2. Working with Climate
(Memanfaatkan kondisi dan sumber energi alami)
Melalui pendekatan green architecture bangunan beradaptasi dengan lingkungannya. Hal ini dilakukan dengan memanfaatkan kondisi alam, iklim dan lingkungannya sekitar ke dalam bentuk serta pengoperasian bangunan, misalnya dengan cara:
- Orientasi bangunan terhadap sinar matahari.
- Menggunakan sistem air pump dan cros ventilation untuk mendistribusikan udara yang bersih dan sejuk ke dalam ruangan.
- Menggunakan tumbuhan dan air sebagai pengatur iklim. Misalnya dengan membuat kolam air di sekitar bangunan.
- Menggunakan jendela dan atap yang sebagian bisa dibuka dan ditutup untuk mendapatkan cahaya dan penghawaan yang sesuai kebutuhan.
3. Respect for Site
(Menanggapi keadaan tapak pada bangunan)
Perencanaan mengacu pada interaksi antara bangunan dan tapaknya. Hal ini dimaksudkan keberadan bangunan baik dari segi konstruksi, bentuk dan pengoperasiannya tidak merusak lingkungan sekitar, dengan cara sebagai berikut.
- Mempertahankan kondisi tapak dengan membuat desain yang mengikuti bentuk tapak yang ada.
- Luas permukaan dasar bangunan yang kecil, yaitu pertimbangan mendesain bangunan secara vertikal.
- Menggunakan material lokal dan material yang tidak merusak lingkungan.
4. Respect for User
(Memperhatikan pengguna bangunan)
Antara pemakai dan green architecture mempunyai keterkaitan yang sangat erat. Kebutuhan akan green architecture harus memperhatikan kondisi pemakai yang didirikan di dalam perencanaan dan pengoperasiannya.
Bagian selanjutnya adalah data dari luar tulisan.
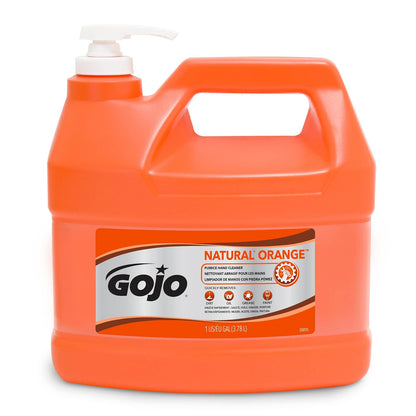 GOJO NATURAL NARANGE 0955-02 Limpiador de manos de loción de acción rápida de 1 galón con botella de bomba de pómez (paquete de 1)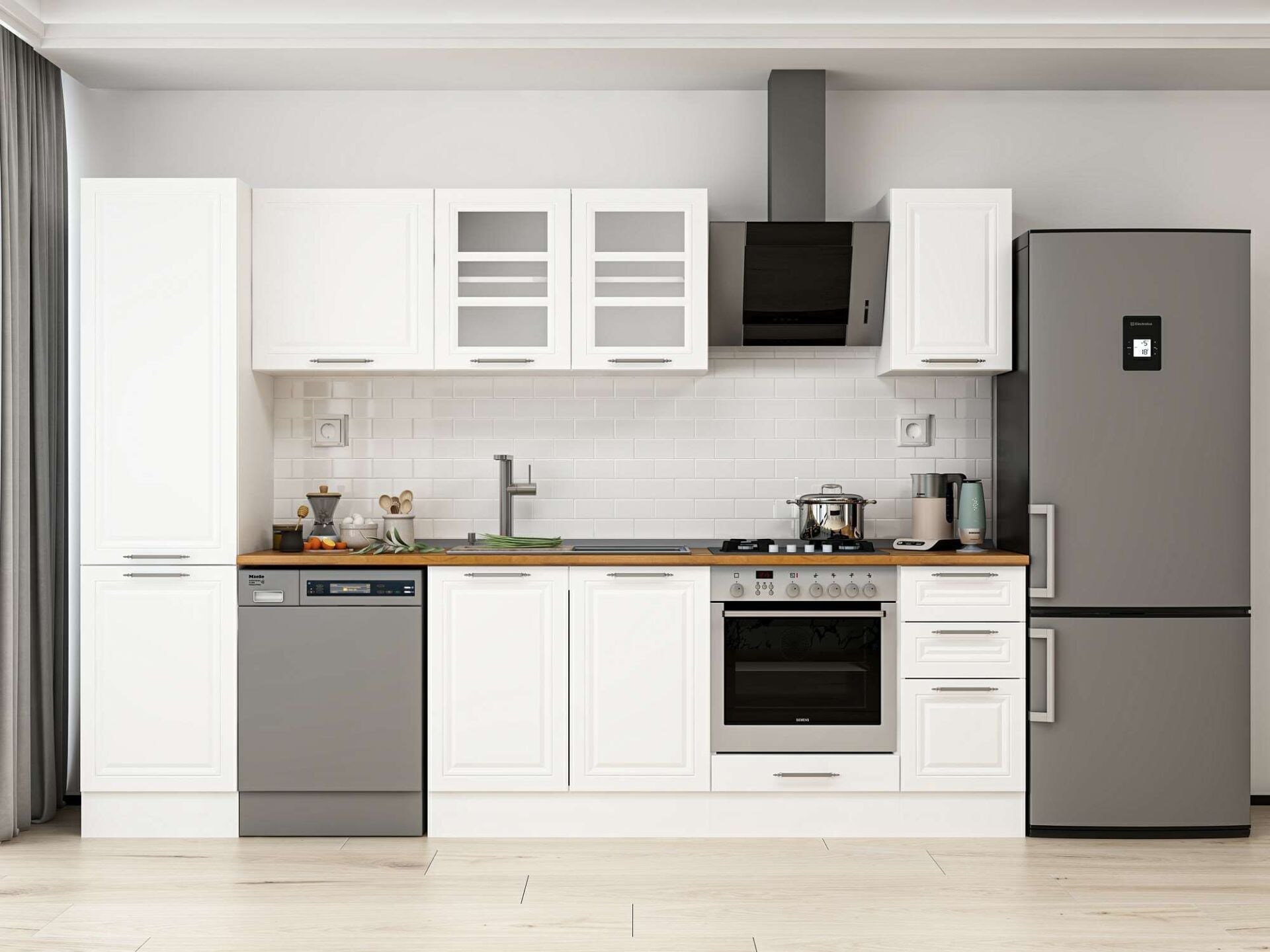 Alvinka 300X210 Cm Klasik Mebran Mutfak Dolabı Mb-E90B50S40-3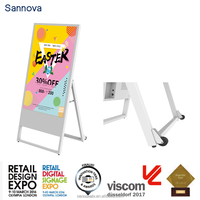 43 pouces Portable poster Floor Standing digital signage Ultra-slim LCD Mobile advertising wifi Android affichages Battery kiosk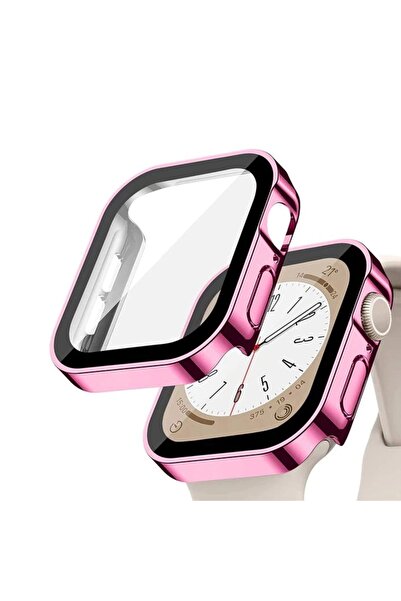 Quse Apple Watch 41mm Suya Dayanıklı Kasa + Ekran Koruyucu Kılıf – Pembe – Se...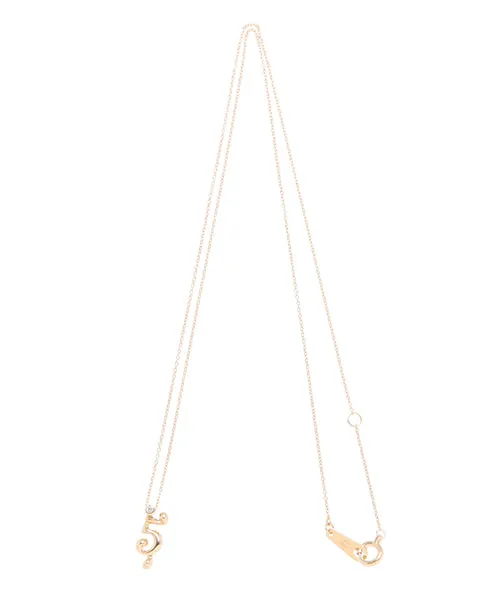 【10K Yellow Gold】Melty Number 5 Necklace【Japan Jewelry】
5. Limitting New Resources
(Meminimalkan Sumber Daya Baru)
Suatu bangunan seharusnya dirancang mengoptimalkan material yang ada dengan meminimalkan penggunaan material baru, dimana pada akhir umur bangunan dapat digunakan kembali unutk membentuk tatanan arsitektur lainnya.
6. Holistic
Memiliki pengertian mendesain bangunan dengan menerapkan 5 poin di atas menjadi satu dalam proses perancangan. Prinsip-prinsip green architecture pada dasarnya tidak dapat dipisahkan, karena saling berhubungan satu sama lain. Tentu secar parsial akan lebih mudah menerapkan prinsip-prinsip tersebut. Oleh karena itu, sebanyak mungkin dapat mengaplikasikan green architecture yang ada secara keseluruhan sesuai potensi yang ada di dalam site.